◆ **About this exercise**:
All pictures should be dropped, and only the lines from the top of the entries below through the line containing "Cámara 35mm Sumergible Amarilla y Azul" repeated exactly, both ends included.

◆ **Data listing**:
--- START ---

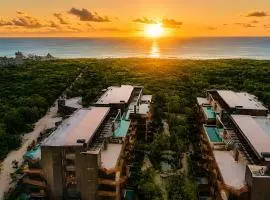 Jungle Guardian - Rooftop Pool & Beach Club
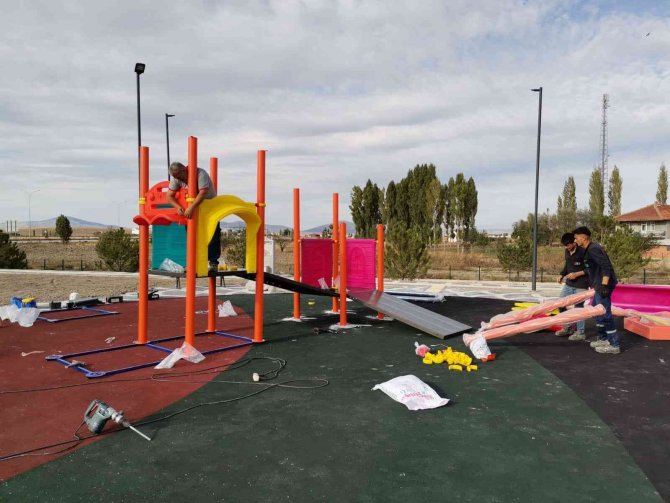 Altıntaş’ta Kent Park’ta Engelsiz Oyun Alanları Tamamlandı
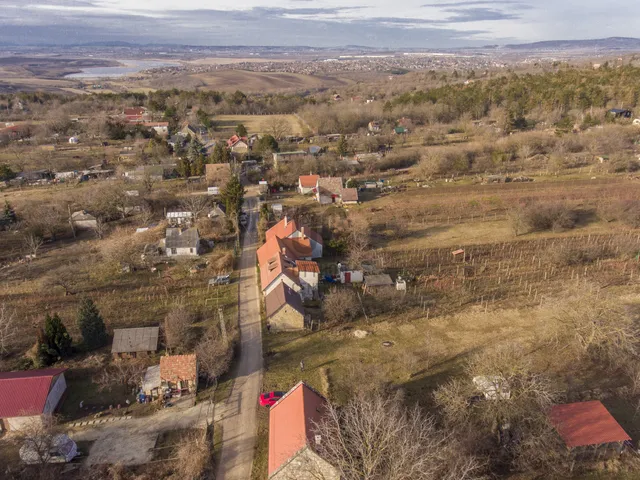 Eladó telek Biatorbágy 1507 nm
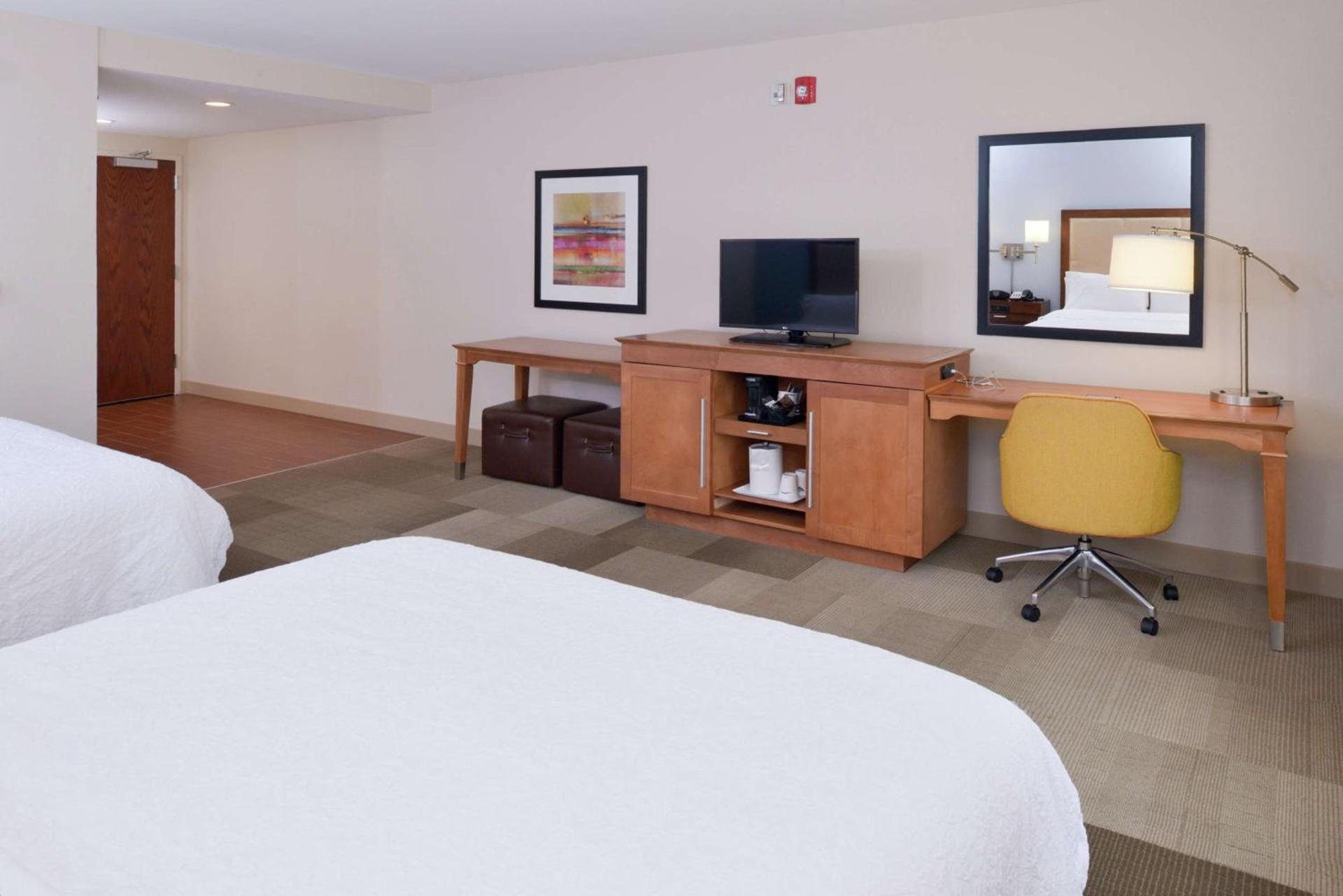 Hampton Inn & Suites by Hilton Lonoke photo 26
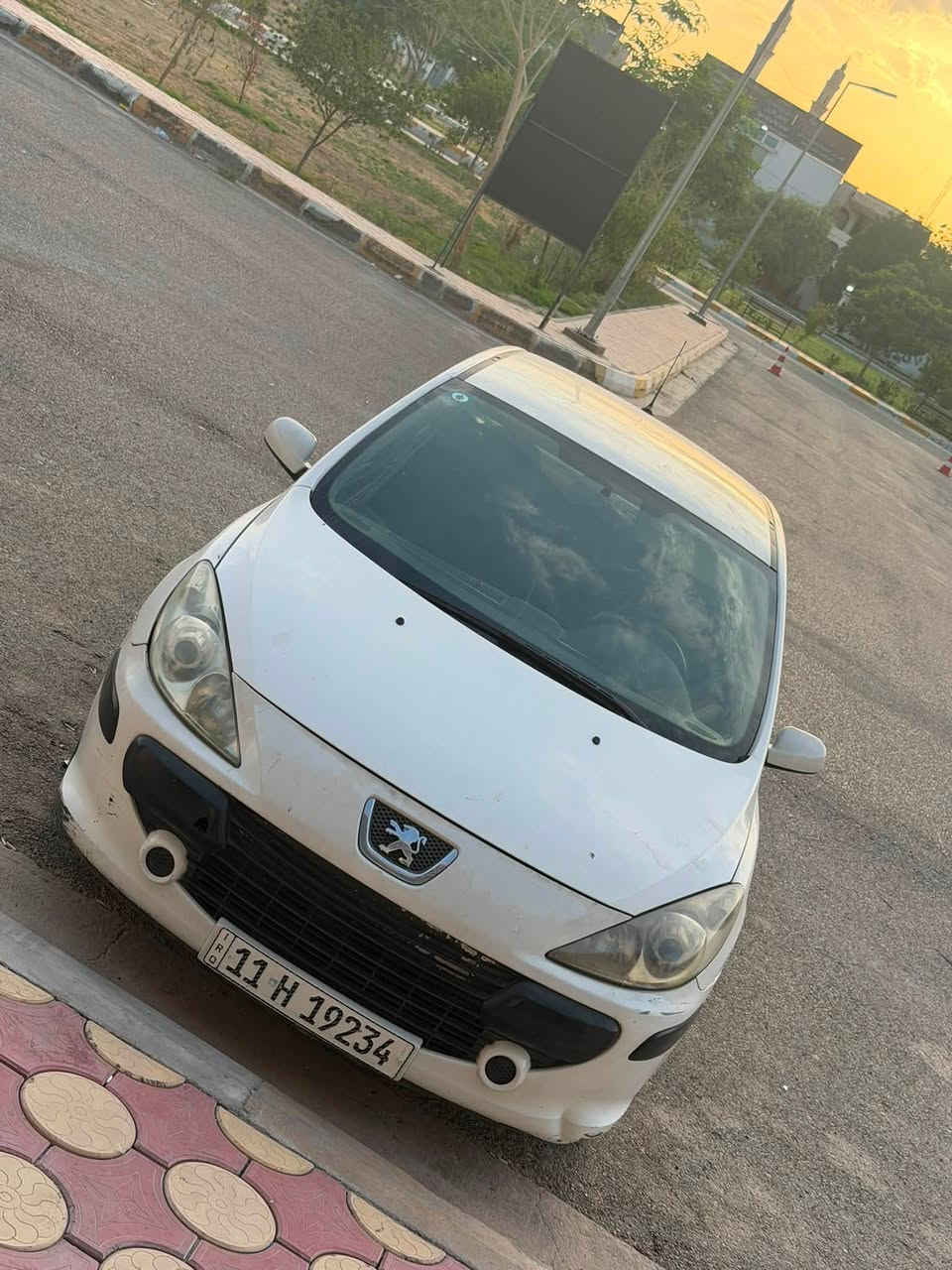 بيجو ٣٠٧ فرنسي ٢٠٠٦
بابين وجاملغ صبغ 
مكينه كير تبريد صدر كله مكفول 
سياره جاهزة تبريد ثلاجة 
سعر ٤٩$ 
رقمً انكليزي جديد باسمي هزه جديده 
مكاني بغداد عامرية 
***********
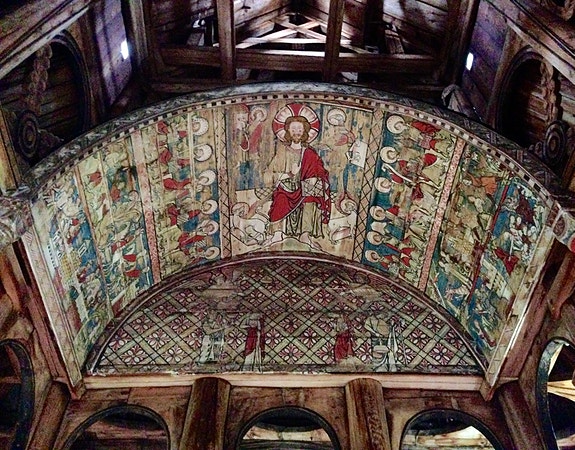 Torpo stavkirke, interiør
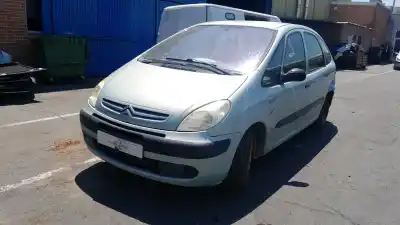 Pièce détachée automobile d'occasion CATALYSEUR DE VOITURE pour CITROEN XSARA PICASSO (N68) 2.0 HDI Références OEM IAM E12821R  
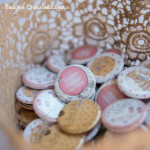 Mariage « Rose, Craft & Liberty », badges personnalisés de Audrey & Sylvain + Baptême Izia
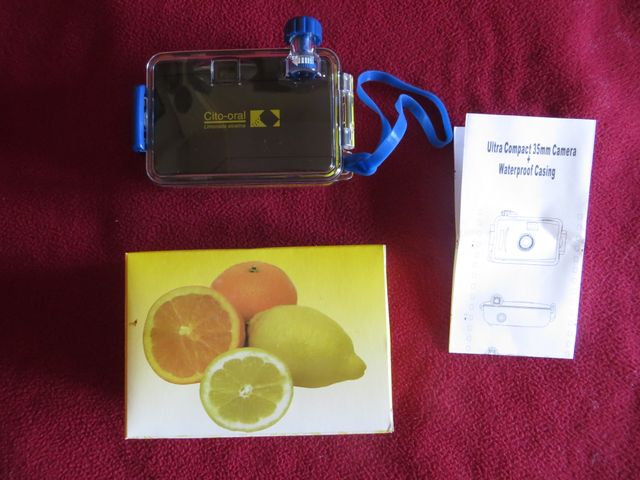 Cámara 35mm Sumergible Amarilla y Azul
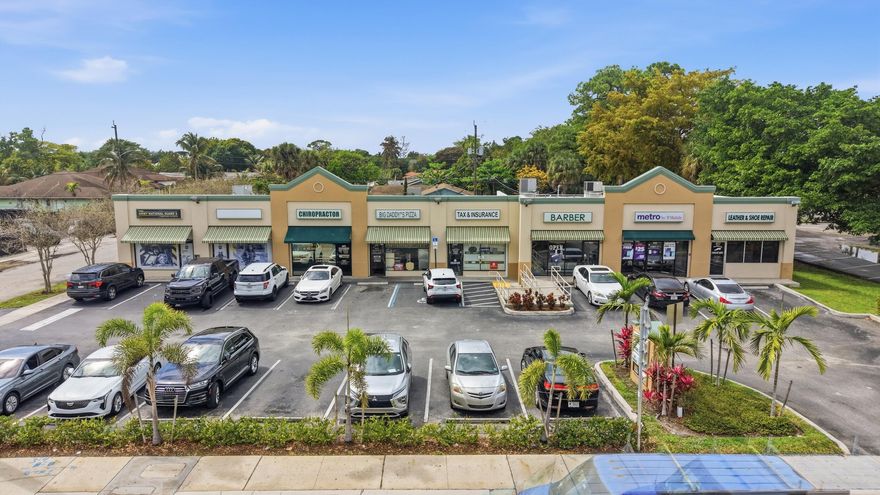 Prime South Florida Investment Opportunity!  Small Bay Retail Building located in Margate, Florida on 441 / Atlantic Blvd  401-417 is an 8 unit freestanding retail building fronting a major thoroughfare between in NW Broward County.  The units are all around 1,000 sqft making them easy rentals with minimal downtime between tenants.  The property sit on a .53 acre corner lot and has been family owned and managed since 2002.  Stable long term tenancy with a solid mix of tenants including the Army National Guard, Big Daddy's Pizza, and Metro/TMobile, and the Margate Cobbler (a tenant for 30+ years).  Well managed property with minimal maintenance and carrying costs. Roof was completely torn off (all layers down to tectum deck) and re-roofed 6/2022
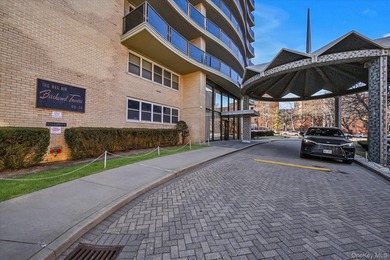 A beautifully renovated JR1/One Bedroom apartment has just - photo 1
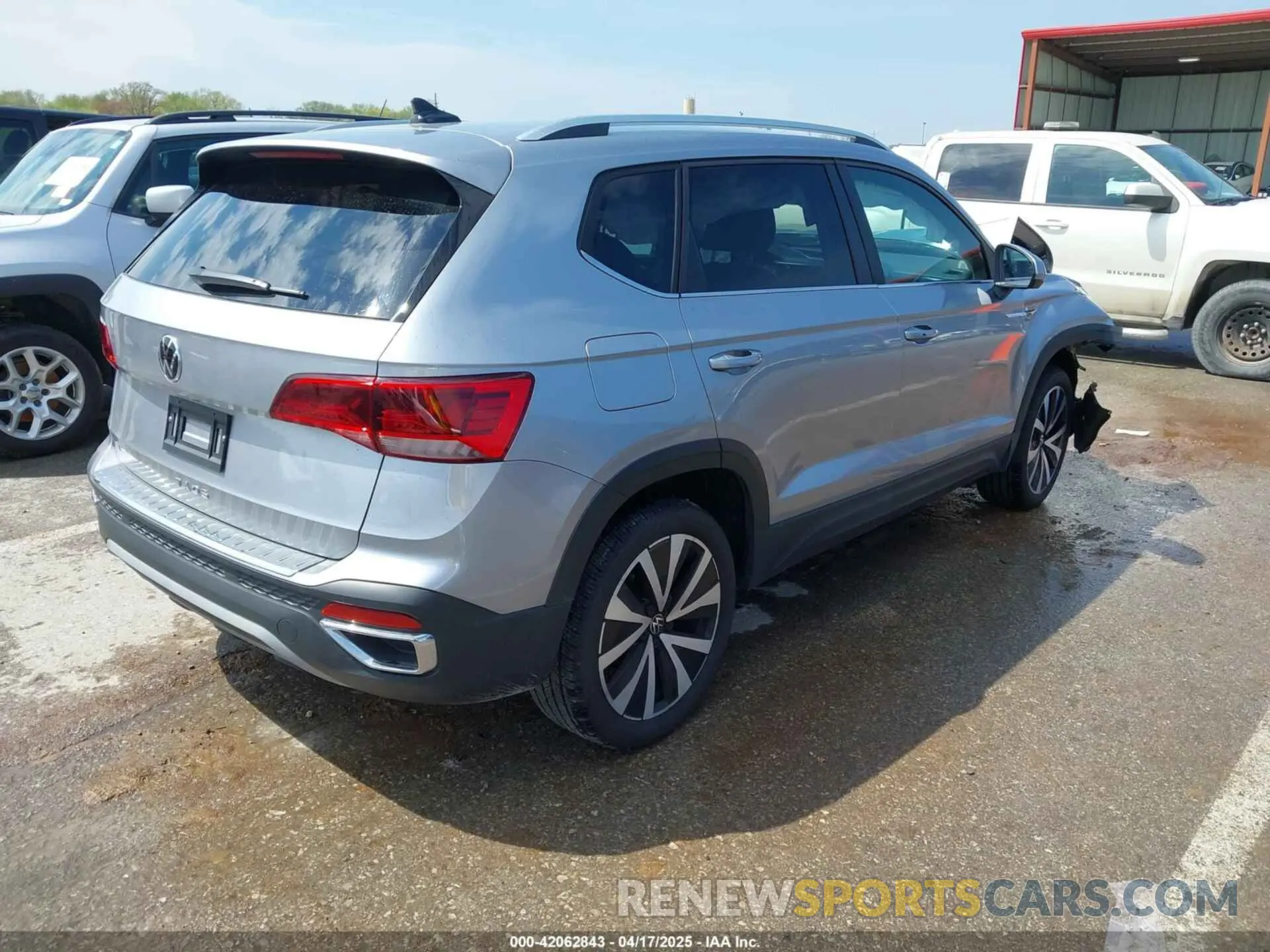 4 fotografías del automóvil dañado 3VVSX7B29RM099005 VOLKSWAGEN TAOS 2024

--- END ---

◆ **Task solution**:
 Jungle Guardian - Rooftop Pool & Beach Club
 Altıntaş’ta Kent Park’ta Engelsiz Oyun Alanları Tamamlandı
 Eladó telek Biatorbágy 1507 nm
 Hampton Inn & Suites by Hilton Lonoke photo 26
 بيجو ٣٠٧ فرنسي ٢٠٠٦
بابين وجاملغ صبغ 
مكينه كير تبريد صدر كله مكفول 
سياره جاهزة تبريد ثلاجة 
سعر ٤٩$ 
رقمً انكليزي جديد باسمي هزه جديده 
مكاني بغداد عامرية 
***********
 Torpo stavkirke, interiør
 Pièce détachée automobile d'occasion CATALYSEUR DE VOITURE pour CITROEN XSARA PICASSO (N68) 2.0 HDI Références OEM IAM E12821R  
 Mariage « Rose, Craft & Liberty », badges personnalisés de Audrey & Sylvain + Baptême Izia
 Cámara 35mm Sumergible Amarilla y Azul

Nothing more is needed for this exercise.